Exercise inputs =>
........

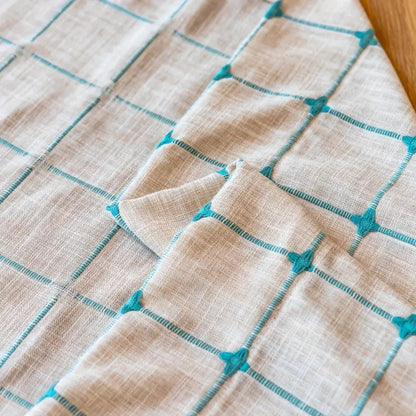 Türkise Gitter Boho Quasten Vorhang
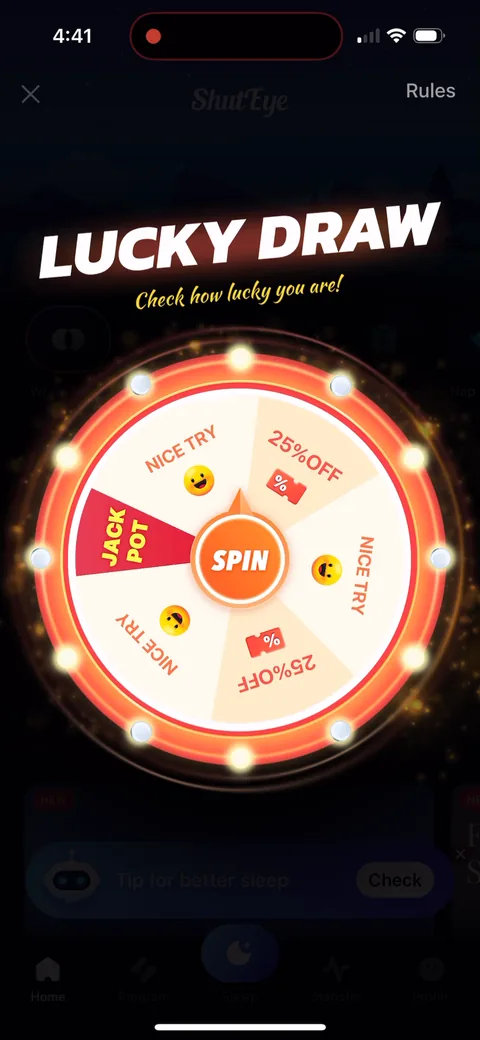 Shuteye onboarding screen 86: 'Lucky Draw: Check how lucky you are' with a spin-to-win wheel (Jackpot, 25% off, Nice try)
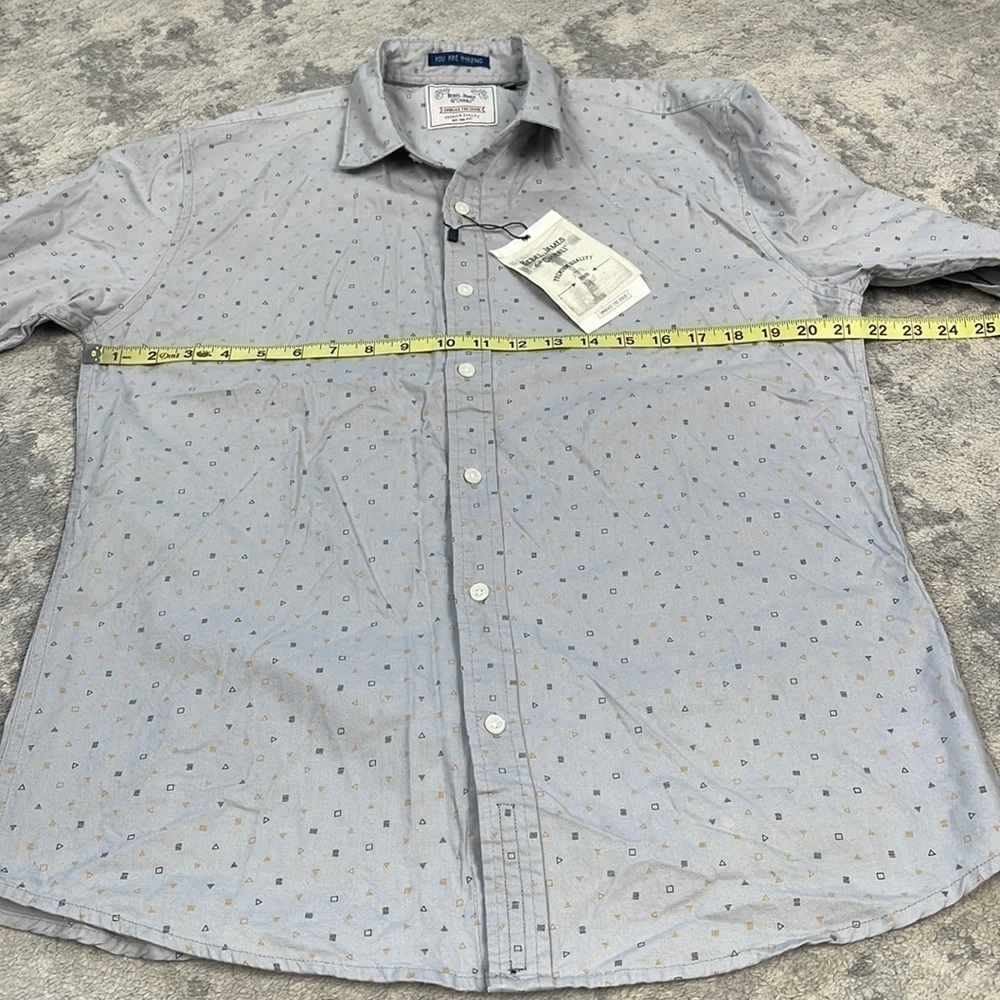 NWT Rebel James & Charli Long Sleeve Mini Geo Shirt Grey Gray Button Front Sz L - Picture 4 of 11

........

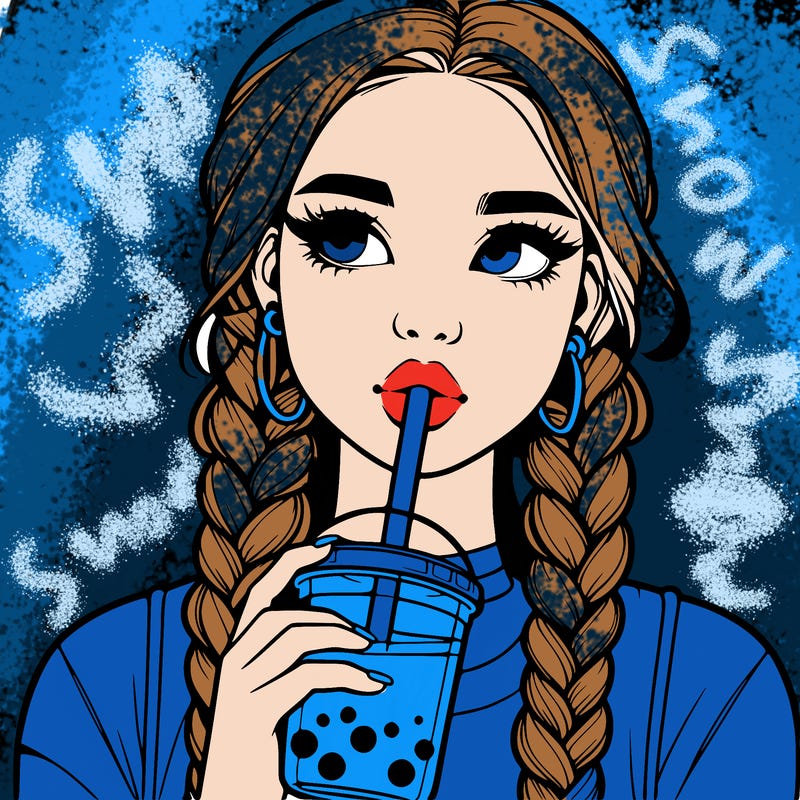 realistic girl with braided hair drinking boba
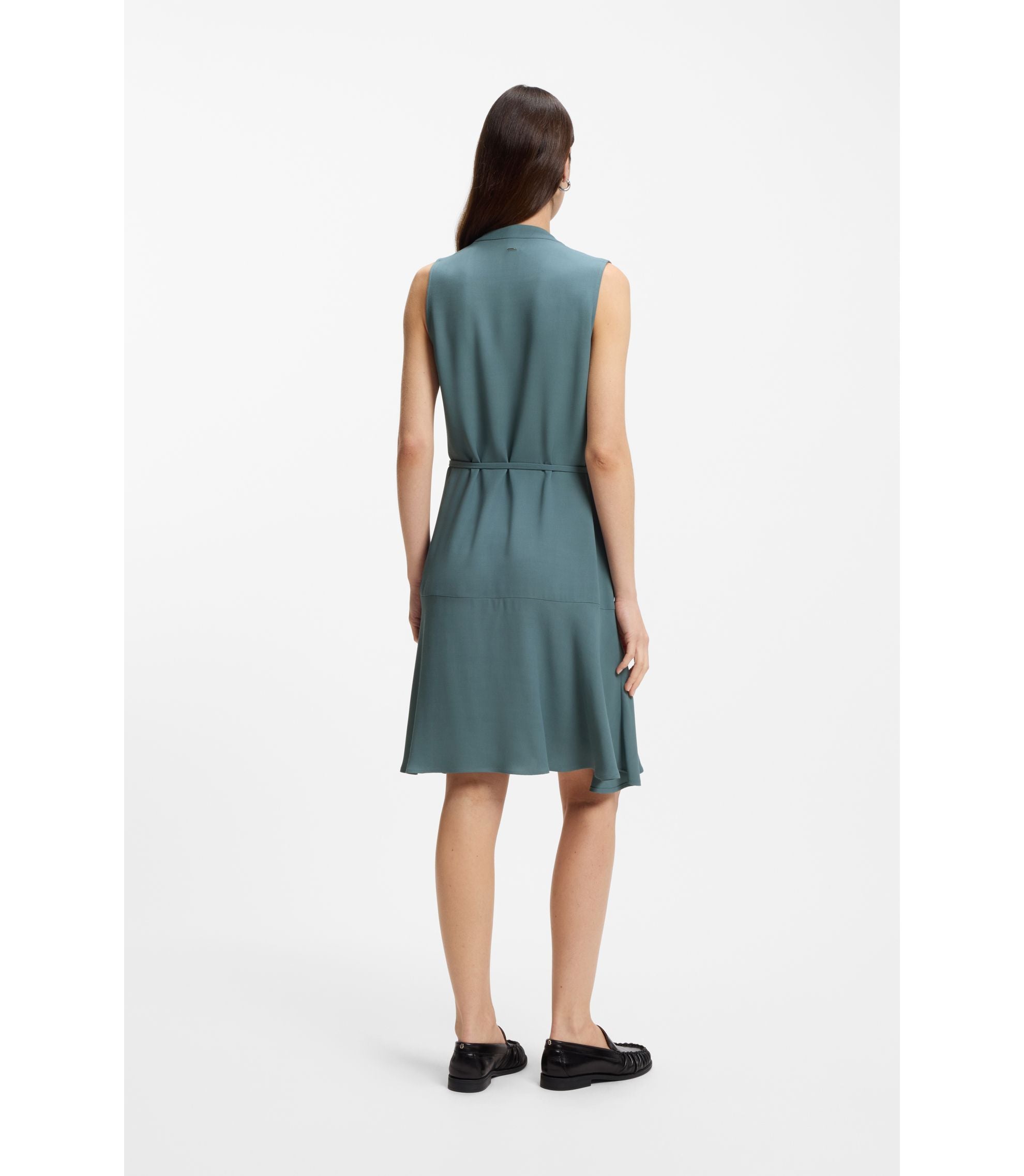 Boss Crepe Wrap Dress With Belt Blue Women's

........

Instructions to follow => Output exactly those lines of the data above that run from the line with "Türkise Gitter Boho Quasten Vorhang" up to and including the line with "NWT Rebel James". No pictures go in.

Answer below =>
 Türkise Gitter Boho Quasten Vorhang
 Shuteye onboarding screen 86: 'Lucky Draw: Check how lucky you are' with a spin-to-win wheel (Jackpot, 25% off, Nice try)
 NWT Rebel James & Charli Long Sleeve Mini Geo Shirt Grey Gray Button Front Sz L - Picture 4 of 11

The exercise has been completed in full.